Banks signal stronger credit appetite ahead of key CBSL policy decision

Tuesday, 26 May 2026 05:20 -     - {{hitsCtrl.values.hits}}

  • Loan demand rises across all sectors amid stable rates and improved sentiment
  • SOE credit demand driven by higher fuel financing needs linked to Middle East conflict
  • Banks remain cautious over geopolitical tensions and supply-side disruptions in 2Q

With probably the most anticipated Monetary Policy Statement in recent times to be announced by the Central Bank of Sri Lanka (CBSL) today (26), it yesterday said banks continued to expand lending appetite and observed rising loan demand across most sectors during the first quarter of 2026, despite growing external risks from Middle East tensions and Cyclone Ditwah.

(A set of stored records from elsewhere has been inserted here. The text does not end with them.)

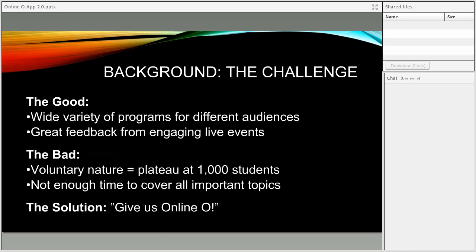Quite a wide variety of programs — many tailored to unique populations and generating great feedback because they're very interactive and engaging. The challenge is that participation in these programs at Douglas College is voluntary — students are not mandated to attend. Over the first few years, our participation rates plateaued at about a thousand students for new student orientation in August, representing somewhere between a half and a third of the total incoming population. So we weren't seeing as large a percentage of students as we'd like.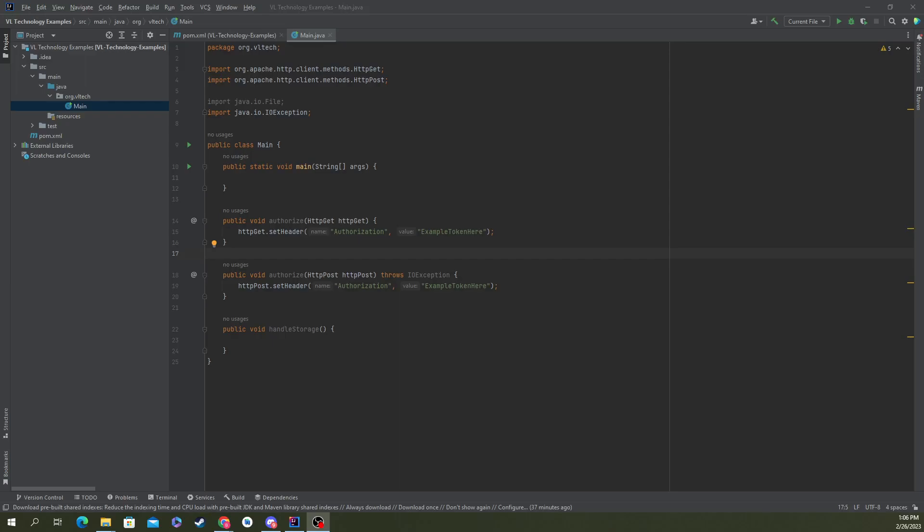Hi everyone, Brendan here from VL Technology. In today's video we're going to show you how to use Java Docs in IntelliJ.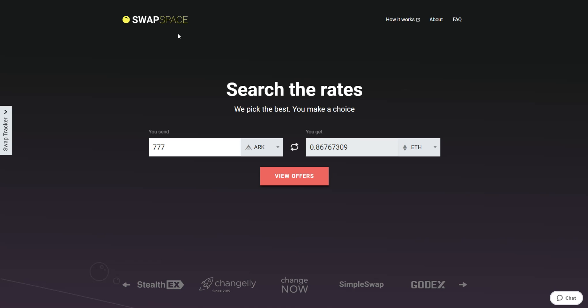Hello and welcome to SwapSpace Exchange Tutorial. In this video, you will know how to exchange ARK to Ether with our service in just a few easy steps.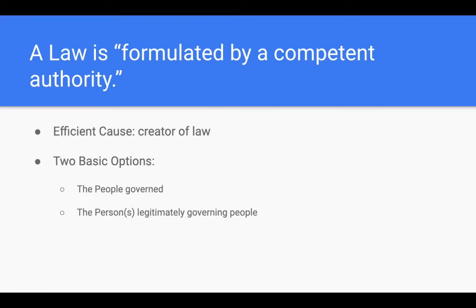No matter what, the person formulating the law needs to be a competent authority. I'm the competent authority in my classroom, and so if I create a law in my classroom that is reasonable and directed to the common good, I can do that. But I can't make a law about how students should act in another teacher's classroom — I'm not the competent authority there. Just like the governor of Ohio could not create an executive order about how things should happen in Indiana — he's not the competent authority in Indiana, only in Ohio. There must be a competent authority who formulates the law, otherwise the law would simply not be binding.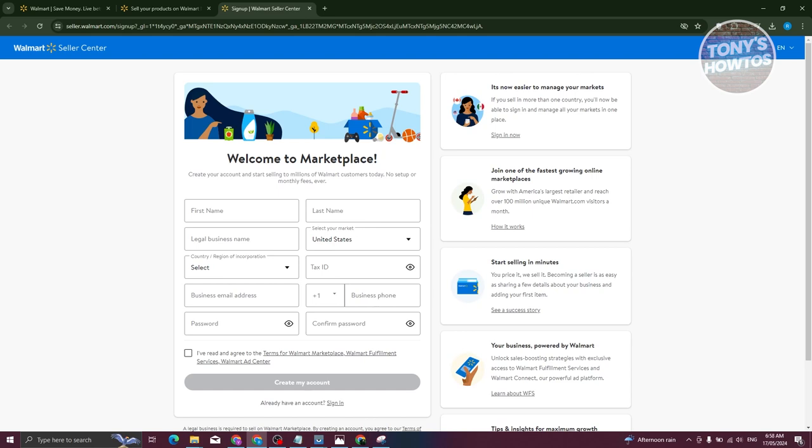Depending on how many people are actually applying right now or their queue, you should be able to receive news from them. They are kind of tight with the application for being a seller in Walmart.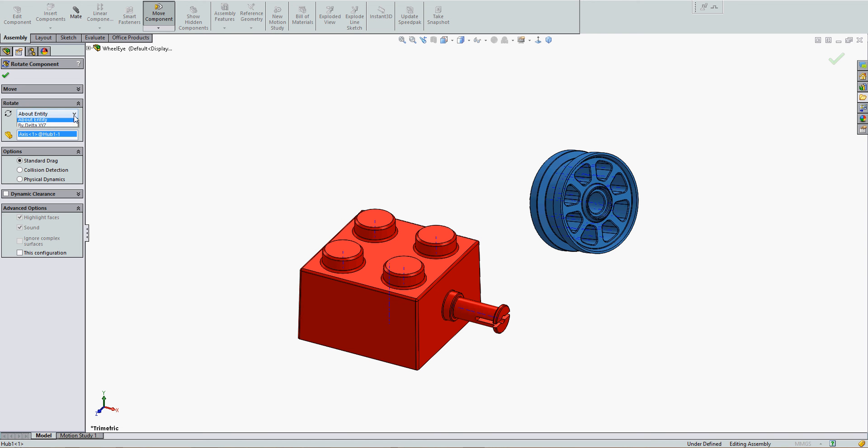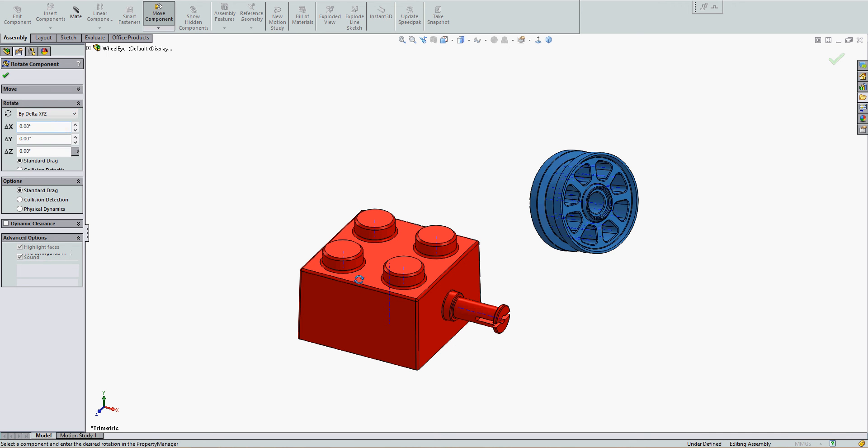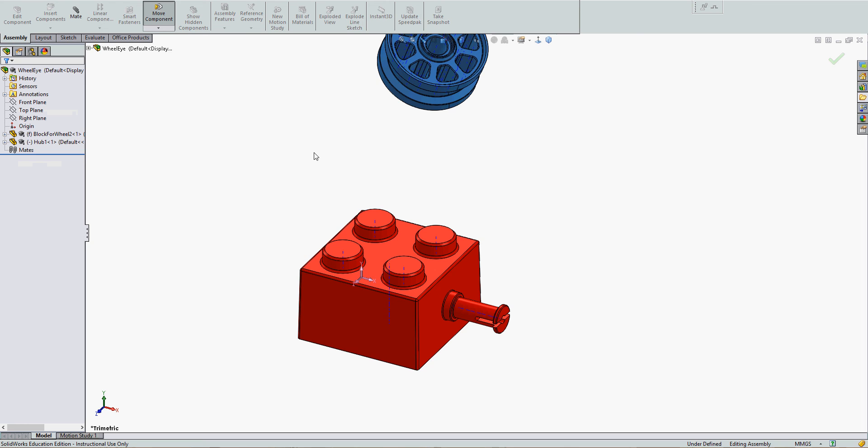Another option is to choose by Delta, X, Y, and Z. This will work about the assembly origin, and I can enter the rotation angle into any of the fields. When I'm happy, I click OK.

According to the ‘CBSL Credit Supply Survey: Trends in 1Q and Outlook for 2Q 2026,’ the banking sector’s willingness to lend increased further during the quarter compared to 4Q 2025, particularly across the Retail, Corporate, and Small and Medium Enterprise (SME) sectors, although lending appetite towards State-Owned Enterprises (SOEs) declined.

Banks...

Banks attributed the stronger lending appetite to the positive economic outlook, stable interest rates, favourable market and business conditions, improved asset quality, and stronger corporate earnings despite the impact of geopolitical tensions and weather-related disruptions.

The CBSL said banks expect willingness to lend to increase further during 2Q 2026, though at a slower pace, as geopolitical tensions and supply-side disruptions linked to the Middle East conflict continue to weigh on risk assessments.

“The spillover effects of geopolitical tensions causing supply-side disruptions for industries have led banks to maintain a cautious lending approach during 2Q 2026,” the survey noted.

Demand for loans also increased across all four sectors during 1Q 2026 compared to the previous quarter, supported by lower and stable interest rates, improved market sentiment, and favourable business conditions.

In the Retail sector, demand for housing loans, pawning facilities, and vehicle leases increased significantly, while sector-specific credit schemes, expansion projects, and new ventures contributed to higher credit demand within the Corporate and SME sectors.

The CBSL noted that loan demand from SOEs turned positive during the quarter, driven partly by increased financing requirements linked to rising fuel prices amid the ongoing Middle East conflict, as well as funding needs for development projects undertaken by SOEs.

Banks expect loan demand to increase further during 2Q 2026, supported by improving consumer demand and anticipated growth in working capital financing requirements. 

However, lenders also warned that prolonged geopolitical tensions could lead to weaker demand, higher borrower risk, and tighter lending conditions.

The survey also showed continued improvement in asset quality across the banking sector, with the overall number of non-performing loans (NPLs) declining across all sectors during 1Q 2026 compared to 4Q 2025.

Banks attributed the improvement in NPL conditions to intensified recovery efforts, stronger collection mechanisms, restructuring and rescheduling arrangements, improved borrower cash flows, and broader macroeconomic stability.

The CBSL said the downward trend in NPLs is expected to continue into 2Q 2026, although banks highlighted that external risks, including Middle East tensions and rising global costs, continue to pose risks to borrower performance.

Meanwhile, loan application rejections declined across the Corporate and SOE sectors during the quarter, supported by improved macroeconomic conditions and stronger quality lending proposals. However, rejection rates increased slightly in the Retail and SME sectors amid concerns over repayment capacity, collateral quality, and the impact of unexpected natural disasters.

Banks expect loan application rejections to decline across all sectors during 2Q 2026 amid expectations of stronger borrower cash flows, improved client canvassing, and enhanced credit evaluation processes.